Our main attack is against the 4-way handshake, and does not exploit access points, but instead targets clients. So it might be that your router does not require security updates. We strongly advise you to contact your vendor for more details. In general though, you can try to mitigate attacks against routers and access points by disabling client functionality (which is for example used in repeater modes) and disabling 802.11r (fast roaming). For ordinary home users, your priority should be updating clients such as laptops and smartphones.«

That means, it is (unfortunately) not your Wifi router that needs an update

You will need to update your computer, all your cellphones, your kindle, your IoT devices including your Sonos, your Wifi-enabled LED lights, your Chromecast, your Amazon Echo and your Dishwasher. Also, your car, if it has Wifi.

»Should I change my Wi-Fi password?

Changing the password of your Wi-Fi network does not prevent (or mitigate) the attack. So you do not have to update the password of your Wi-Fi network. Instead, you should make sure all your devices are updated, and you should also update the firmware of your router. After updating your router, you can optionally change the Wi-Fi password as an extra precaution.«

As explained above, the attack does not expose or recover your Wifi password. The attack is a blind overwrite or a force install of a known key in some cases, which are worse than the general attack.

Do I need to turn off my Wifi?
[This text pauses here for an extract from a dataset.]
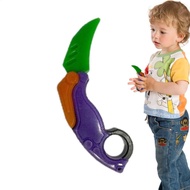 3D Printing Gravity Toy Fidget Knives Sensory Push Toys Foldable Toy Knives 3D Gravity Radish Knives
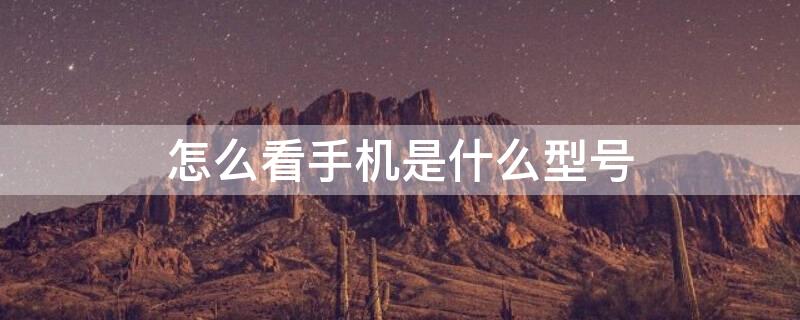 怎么看手机是什么型号 怎么看手机是什么型号的荣耀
Do I need to stop online banking?

No. The WPA2 encryption secures only the over-the-air part of your connection. That is the distance between the antenna of your Laptop of Cellphone to the Antenna of your Wifi router.

Security critical applications actually use end-to-end encryption of the connection, called TLS (previously: SSL). That is the distance from your browser, over the over-the-air part of the connection, though your DSL to your provider, to your banks provider to your banks web server. For this security protocol it is irrelevant if some small part on the way is insecure.

In fact, TLS was designed to exactly handle problems like the one we have now with WPA2. That means you can happily use your cellphone or Laptop as before – with the flaw it’s not any more or less secure than without the flaw.